A now famous three-billion-year-old diamond the size of a tennis ball found by Canada’s Lucara Diamond (TSX:LUC) last year could fetch more than US$70 million (or about Cdn$90M) when it goes under Sotheby’s hammer this summer.
The giant 1,109-carat rock, known as “Lesedi La Rona” or “our light” (in the Tswana language spoken in Botswana), was unearthed in November at Lucara’s Karowe Mine. It is currently on a world tour ahead of the auction in London on June 29.
“We’re trying to get access to people who may want it as a collector’s item,” William Lamb, CEO of Vancouver-based miner, told Canadian Press. “We’re looking at people who have the financial resources, but also see the uniqueness, the rarity and the beauty in the stone.”

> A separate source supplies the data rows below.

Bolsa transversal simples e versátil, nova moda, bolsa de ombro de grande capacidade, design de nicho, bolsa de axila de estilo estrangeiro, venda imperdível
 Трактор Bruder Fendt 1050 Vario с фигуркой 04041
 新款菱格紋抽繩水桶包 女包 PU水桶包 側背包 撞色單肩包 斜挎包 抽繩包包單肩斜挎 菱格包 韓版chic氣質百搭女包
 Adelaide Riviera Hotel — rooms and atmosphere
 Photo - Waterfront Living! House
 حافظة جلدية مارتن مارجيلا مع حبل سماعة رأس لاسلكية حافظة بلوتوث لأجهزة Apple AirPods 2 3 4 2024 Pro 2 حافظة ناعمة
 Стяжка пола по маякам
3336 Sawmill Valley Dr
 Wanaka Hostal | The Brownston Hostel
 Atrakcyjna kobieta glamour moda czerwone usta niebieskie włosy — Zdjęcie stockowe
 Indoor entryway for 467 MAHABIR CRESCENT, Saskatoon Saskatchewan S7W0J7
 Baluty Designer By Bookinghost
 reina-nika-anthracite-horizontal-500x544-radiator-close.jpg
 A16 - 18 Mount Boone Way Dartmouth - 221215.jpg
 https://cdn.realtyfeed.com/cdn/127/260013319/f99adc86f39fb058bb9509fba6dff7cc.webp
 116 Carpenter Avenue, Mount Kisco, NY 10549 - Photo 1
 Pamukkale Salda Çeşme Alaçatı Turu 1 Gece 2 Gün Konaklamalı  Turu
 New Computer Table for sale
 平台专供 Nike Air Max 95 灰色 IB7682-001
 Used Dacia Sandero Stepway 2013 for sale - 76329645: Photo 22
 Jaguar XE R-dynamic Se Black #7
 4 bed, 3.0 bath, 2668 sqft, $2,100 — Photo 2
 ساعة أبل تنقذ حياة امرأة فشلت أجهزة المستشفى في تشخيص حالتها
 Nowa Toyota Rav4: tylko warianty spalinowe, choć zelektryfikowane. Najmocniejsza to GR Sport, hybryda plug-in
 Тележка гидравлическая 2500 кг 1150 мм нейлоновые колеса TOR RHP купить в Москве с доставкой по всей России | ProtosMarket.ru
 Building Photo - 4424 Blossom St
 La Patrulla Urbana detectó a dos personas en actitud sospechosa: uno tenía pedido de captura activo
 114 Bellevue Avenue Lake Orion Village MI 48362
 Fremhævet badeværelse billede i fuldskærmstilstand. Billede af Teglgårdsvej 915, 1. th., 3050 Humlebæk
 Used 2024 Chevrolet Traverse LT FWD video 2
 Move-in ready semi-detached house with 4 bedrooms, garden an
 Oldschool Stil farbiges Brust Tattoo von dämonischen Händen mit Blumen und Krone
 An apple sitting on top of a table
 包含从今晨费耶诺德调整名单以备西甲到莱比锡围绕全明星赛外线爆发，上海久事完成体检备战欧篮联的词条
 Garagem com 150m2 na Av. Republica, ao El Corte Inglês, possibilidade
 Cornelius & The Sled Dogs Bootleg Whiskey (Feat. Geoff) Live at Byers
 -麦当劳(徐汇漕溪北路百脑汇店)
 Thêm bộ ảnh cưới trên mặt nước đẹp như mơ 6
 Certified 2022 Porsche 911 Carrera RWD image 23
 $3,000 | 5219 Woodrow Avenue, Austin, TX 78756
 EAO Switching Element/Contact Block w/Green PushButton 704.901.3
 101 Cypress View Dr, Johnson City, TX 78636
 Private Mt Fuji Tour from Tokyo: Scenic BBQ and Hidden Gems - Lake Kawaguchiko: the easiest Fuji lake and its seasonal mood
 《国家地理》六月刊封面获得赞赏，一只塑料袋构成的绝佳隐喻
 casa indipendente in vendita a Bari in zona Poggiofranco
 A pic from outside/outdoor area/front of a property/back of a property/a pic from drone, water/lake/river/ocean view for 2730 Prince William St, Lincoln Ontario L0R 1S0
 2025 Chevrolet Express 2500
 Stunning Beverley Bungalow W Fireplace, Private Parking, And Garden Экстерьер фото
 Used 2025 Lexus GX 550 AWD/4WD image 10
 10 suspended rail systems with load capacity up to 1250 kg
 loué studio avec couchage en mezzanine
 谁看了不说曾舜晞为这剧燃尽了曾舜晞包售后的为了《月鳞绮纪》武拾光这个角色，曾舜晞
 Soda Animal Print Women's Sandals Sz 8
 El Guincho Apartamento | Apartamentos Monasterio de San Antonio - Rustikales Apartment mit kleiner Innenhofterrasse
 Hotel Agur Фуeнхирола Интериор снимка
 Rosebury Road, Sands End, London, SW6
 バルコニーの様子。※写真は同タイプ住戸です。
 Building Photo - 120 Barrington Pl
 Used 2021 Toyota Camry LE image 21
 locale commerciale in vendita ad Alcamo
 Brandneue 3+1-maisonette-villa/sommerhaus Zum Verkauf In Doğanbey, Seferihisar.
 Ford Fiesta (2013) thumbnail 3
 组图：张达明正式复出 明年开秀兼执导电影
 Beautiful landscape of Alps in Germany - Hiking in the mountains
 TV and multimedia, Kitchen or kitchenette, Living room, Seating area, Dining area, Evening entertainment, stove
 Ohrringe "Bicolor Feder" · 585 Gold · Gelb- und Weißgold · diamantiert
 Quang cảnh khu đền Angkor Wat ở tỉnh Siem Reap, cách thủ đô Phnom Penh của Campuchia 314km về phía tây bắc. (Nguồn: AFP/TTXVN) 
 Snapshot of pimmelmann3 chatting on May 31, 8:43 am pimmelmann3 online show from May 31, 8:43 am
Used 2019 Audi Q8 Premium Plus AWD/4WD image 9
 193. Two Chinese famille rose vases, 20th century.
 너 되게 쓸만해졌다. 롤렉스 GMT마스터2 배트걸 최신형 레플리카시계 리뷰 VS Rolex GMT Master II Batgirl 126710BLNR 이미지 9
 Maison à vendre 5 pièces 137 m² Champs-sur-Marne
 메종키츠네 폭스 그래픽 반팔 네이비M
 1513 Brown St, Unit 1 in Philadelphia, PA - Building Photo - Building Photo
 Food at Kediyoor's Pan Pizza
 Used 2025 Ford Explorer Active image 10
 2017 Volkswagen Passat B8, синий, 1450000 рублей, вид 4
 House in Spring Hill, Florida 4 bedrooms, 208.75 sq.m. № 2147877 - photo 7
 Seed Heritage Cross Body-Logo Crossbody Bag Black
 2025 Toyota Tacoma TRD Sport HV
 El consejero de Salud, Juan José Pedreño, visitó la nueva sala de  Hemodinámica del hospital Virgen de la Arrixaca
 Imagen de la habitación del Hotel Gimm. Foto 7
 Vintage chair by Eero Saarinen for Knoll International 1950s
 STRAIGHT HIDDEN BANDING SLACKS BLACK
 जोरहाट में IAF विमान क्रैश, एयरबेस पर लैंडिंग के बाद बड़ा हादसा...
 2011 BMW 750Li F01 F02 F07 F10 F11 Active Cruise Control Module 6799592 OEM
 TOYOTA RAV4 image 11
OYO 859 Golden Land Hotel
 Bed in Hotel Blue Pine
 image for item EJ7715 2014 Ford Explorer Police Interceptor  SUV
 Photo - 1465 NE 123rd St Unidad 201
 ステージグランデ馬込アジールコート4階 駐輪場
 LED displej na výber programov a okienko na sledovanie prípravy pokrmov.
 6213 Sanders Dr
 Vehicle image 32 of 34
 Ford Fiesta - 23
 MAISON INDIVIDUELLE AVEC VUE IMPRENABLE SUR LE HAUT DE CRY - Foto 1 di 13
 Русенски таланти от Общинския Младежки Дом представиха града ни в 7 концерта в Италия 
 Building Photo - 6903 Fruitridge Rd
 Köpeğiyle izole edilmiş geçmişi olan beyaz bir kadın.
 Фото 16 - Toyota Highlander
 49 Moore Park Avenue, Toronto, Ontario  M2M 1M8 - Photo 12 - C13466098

Lesedi La Rona is a type IIa diamond, the largest discovered in 100 years, and second in size only to the Cullinan diamond in the British Crown jewels.
Botswana is the world’s largest producer of diamonds and the trade has transformed it into a middle-income nation.
Christie’s — a major rival to Sotheby’s — will auction the world’s largest natural fancy vivid green diamond in Hong Kong on May 31. The 5.03-carat rectangular-cut diamond is expected to sell for between $16 million and $20 million.